Vaclav Milik i Wiktor Kułakow byli od dawna wymieniani jako kandydaci do jazdy w Get Well Toruń w sezonie 2020, więc ich porozumienie z toruńskimi działaczami nie jest żadną niespodzianką. Inaczej rzecz ma się z Tobiaszem Musielakiem. Jeśli informacje o jego angażu w drużynie Aniołów się potwierdzą, znaczy to, że Get Well zabezpiecza się na wypadek, gdyby nie wyszły im rozmowy z Pawłem Przedpełskim bądź Adrianem Miedzińskim.

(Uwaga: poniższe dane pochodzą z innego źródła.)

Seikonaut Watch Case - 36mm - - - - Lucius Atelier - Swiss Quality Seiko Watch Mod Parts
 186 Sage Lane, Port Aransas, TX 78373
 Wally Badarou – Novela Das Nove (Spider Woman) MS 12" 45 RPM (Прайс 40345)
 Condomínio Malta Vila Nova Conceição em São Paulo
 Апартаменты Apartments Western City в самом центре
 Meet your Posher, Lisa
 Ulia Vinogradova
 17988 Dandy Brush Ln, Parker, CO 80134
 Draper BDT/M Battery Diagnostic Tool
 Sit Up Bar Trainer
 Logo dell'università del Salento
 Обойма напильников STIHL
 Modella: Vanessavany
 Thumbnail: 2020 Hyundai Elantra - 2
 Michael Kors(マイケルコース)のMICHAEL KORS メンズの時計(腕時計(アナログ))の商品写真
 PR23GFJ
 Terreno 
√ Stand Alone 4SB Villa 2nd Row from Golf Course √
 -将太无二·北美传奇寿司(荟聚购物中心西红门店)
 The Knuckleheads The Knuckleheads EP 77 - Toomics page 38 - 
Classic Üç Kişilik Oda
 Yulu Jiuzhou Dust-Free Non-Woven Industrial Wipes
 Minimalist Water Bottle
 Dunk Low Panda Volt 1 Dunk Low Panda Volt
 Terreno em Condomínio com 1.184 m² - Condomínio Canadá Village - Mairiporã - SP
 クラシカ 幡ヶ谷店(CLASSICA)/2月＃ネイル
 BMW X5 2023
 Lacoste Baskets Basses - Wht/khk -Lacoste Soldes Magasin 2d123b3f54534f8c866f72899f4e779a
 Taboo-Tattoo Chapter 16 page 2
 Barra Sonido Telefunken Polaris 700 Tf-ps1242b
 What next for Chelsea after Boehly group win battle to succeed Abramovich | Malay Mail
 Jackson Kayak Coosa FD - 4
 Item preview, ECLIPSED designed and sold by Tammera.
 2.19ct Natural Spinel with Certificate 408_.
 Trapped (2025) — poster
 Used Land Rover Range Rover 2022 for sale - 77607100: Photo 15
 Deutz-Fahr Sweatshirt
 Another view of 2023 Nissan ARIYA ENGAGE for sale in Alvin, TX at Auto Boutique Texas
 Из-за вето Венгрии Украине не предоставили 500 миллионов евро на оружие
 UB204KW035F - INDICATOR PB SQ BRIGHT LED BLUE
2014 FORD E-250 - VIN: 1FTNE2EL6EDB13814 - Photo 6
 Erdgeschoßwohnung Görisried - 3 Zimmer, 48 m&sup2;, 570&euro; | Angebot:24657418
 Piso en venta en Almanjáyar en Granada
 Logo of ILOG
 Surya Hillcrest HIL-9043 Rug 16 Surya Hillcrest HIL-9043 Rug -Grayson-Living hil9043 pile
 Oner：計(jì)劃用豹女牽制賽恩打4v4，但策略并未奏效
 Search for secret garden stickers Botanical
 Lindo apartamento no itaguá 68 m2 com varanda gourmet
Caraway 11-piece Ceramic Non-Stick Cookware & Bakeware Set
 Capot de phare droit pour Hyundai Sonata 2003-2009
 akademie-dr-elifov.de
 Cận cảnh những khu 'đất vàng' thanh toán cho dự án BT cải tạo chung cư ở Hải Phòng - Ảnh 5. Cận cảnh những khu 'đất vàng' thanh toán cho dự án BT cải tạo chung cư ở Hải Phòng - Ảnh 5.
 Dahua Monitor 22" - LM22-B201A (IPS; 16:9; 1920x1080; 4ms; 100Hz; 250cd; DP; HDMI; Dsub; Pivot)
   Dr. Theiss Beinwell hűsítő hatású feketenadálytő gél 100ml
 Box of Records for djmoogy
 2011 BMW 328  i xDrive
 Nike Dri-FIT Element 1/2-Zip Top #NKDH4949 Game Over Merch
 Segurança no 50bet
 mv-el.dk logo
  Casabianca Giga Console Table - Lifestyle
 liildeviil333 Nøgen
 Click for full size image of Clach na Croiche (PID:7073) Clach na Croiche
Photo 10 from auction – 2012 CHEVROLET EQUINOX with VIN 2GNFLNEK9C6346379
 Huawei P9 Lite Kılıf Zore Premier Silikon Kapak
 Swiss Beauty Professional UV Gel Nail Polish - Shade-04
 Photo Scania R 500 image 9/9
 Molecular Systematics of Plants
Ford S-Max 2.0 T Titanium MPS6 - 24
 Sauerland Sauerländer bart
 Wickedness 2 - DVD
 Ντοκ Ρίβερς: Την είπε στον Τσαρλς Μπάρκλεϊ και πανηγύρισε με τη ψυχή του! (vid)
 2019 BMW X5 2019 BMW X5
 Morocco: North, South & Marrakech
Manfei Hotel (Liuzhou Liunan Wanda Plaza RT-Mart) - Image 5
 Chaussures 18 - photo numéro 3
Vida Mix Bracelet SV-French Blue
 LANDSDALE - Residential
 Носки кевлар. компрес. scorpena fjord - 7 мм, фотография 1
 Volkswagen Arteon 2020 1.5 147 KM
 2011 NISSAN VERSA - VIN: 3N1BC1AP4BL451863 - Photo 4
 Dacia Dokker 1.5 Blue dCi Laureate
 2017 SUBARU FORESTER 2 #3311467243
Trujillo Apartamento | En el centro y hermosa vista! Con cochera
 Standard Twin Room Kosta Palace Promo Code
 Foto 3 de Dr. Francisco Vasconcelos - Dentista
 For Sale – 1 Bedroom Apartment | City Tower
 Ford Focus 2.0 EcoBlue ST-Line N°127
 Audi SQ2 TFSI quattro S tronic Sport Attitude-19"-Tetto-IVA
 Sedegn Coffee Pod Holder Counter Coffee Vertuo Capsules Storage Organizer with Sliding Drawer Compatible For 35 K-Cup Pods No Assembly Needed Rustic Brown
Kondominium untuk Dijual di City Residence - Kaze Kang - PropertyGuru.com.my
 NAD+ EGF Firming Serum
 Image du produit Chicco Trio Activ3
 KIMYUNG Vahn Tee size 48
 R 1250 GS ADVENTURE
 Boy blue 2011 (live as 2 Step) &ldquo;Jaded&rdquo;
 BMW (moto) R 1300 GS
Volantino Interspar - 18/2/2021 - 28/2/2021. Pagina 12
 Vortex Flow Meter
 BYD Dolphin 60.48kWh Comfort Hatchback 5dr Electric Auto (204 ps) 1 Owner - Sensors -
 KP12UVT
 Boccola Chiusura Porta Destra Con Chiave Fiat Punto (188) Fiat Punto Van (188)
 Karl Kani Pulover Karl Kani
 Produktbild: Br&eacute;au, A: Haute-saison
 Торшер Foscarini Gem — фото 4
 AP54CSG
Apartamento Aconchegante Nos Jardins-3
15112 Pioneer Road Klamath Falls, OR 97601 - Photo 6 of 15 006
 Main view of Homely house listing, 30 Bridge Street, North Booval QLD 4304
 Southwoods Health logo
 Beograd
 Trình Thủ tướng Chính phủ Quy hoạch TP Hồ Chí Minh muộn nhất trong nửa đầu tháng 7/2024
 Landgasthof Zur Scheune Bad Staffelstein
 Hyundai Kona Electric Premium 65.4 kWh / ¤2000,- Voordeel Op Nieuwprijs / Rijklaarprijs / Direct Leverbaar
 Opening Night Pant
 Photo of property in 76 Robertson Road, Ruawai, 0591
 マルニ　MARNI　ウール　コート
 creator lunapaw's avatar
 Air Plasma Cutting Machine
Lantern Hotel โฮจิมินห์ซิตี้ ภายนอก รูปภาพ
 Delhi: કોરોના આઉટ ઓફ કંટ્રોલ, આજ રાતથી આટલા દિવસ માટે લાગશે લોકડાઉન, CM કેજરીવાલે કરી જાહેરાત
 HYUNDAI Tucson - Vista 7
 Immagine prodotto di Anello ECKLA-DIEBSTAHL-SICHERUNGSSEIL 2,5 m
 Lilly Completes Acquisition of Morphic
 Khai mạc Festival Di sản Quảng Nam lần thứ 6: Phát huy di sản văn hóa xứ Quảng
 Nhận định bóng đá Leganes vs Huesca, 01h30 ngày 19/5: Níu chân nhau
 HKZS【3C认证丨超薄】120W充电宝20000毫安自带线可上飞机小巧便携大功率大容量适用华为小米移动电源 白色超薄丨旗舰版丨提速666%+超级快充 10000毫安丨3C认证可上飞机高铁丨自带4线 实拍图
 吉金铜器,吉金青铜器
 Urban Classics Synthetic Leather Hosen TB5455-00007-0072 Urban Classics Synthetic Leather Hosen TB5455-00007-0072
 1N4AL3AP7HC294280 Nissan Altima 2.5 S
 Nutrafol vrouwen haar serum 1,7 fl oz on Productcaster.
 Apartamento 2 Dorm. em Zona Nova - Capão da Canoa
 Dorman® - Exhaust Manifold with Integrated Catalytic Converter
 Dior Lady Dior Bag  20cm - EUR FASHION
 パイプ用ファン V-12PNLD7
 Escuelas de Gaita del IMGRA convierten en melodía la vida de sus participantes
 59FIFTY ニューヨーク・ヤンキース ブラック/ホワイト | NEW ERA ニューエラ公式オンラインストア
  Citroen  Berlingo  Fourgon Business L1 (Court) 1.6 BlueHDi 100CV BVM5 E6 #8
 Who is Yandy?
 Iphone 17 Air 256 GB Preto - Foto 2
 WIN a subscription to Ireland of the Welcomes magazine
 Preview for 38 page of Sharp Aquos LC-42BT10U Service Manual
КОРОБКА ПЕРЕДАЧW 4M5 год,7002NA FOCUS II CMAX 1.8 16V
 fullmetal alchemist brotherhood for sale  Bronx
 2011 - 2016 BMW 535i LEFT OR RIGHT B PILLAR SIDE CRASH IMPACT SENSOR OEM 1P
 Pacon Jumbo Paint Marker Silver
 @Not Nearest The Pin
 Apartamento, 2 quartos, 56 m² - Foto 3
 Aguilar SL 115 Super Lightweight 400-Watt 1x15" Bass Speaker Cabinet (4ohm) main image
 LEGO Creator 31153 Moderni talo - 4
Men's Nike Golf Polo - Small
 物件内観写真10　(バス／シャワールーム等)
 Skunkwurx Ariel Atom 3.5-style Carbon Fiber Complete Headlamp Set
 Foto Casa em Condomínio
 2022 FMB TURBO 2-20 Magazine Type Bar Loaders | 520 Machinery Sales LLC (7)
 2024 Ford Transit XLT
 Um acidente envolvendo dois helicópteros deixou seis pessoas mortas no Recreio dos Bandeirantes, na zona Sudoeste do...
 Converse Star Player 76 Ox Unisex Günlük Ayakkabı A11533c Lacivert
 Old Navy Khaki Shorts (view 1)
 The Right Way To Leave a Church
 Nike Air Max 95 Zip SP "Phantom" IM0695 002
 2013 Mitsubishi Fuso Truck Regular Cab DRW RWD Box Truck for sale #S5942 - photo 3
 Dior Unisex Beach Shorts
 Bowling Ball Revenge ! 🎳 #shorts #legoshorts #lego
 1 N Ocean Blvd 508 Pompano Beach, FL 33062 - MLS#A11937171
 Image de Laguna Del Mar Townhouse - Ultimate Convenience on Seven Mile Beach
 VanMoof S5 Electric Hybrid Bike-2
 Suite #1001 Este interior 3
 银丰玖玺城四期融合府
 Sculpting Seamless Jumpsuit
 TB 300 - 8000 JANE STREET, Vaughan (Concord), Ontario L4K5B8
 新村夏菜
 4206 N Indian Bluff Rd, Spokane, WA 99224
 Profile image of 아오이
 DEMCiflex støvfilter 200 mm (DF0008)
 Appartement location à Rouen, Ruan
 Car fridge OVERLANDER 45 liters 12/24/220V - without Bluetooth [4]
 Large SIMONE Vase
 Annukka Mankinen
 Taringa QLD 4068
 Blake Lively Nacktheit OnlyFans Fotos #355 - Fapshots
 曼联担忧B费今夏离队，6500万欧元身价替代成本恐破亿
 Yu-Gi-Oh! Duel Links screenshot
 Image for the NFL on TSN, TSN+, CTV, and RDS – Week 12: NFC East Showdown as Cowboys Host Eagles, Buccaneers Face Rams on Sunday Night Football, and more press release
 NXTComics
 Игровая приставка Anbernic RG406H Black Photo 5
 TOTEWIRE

Na razie kwestia powrotu wychowanków jest w zawieszeniu. Propozycje zostały złożone, jakieś rozmowy się odbyły, ale z drugiej strony trwa sezon. Przedpełski ostatnio ma zwyżkę formy, więc może nie będzie chciał opuszczać PGE Ekstraligi. Nawet jeśli na drugiej szali jest kusząca wizja powrotu na białym koniu, do klubu, w którym się wychował. Trochę gorzej wygląda jazda Miedzińskiego, ale tu może być podobny dylemat.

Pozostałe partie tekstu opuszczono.